■ Exercise objective ■
An exact retyping of every record is required.

■ Exercise material ■
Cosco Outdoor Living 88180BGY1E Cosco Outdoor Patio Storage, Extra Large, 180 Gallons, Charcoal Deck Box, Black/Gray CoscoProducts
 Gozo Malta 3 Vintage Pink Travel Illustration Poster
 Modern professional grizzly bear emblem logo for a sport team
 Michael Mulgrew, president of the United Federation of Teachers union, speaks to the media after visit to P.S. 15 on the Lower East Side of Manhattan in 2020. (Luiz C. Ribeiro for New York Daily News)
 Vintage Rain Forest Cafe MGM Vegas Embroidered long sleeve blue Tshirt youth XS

■ Output ■
Cosco Outdoor Living 88180BGY1E Cosco Outdoor Patio Storage, Extra Large, 180 Gallons, Charcoal Deck Box, Black/Gray CoscoProducts
 Gozo Malta 3 Vintage Pink Travel Illustration Poster
 Modern professional grizzly bear emblem logo for a sport team
 Michael Mulgrew, president of the United Federation of Teachers union, speaks to the media after visit to P.S. 15 on the Lower East Side of Manhattan in 2020. (Luiz C. Ribeiro for New York Daily News)
 Vintage Rain Forest Cafe MGM Vegas Embroidered long sleeve blue Tshirt youth XS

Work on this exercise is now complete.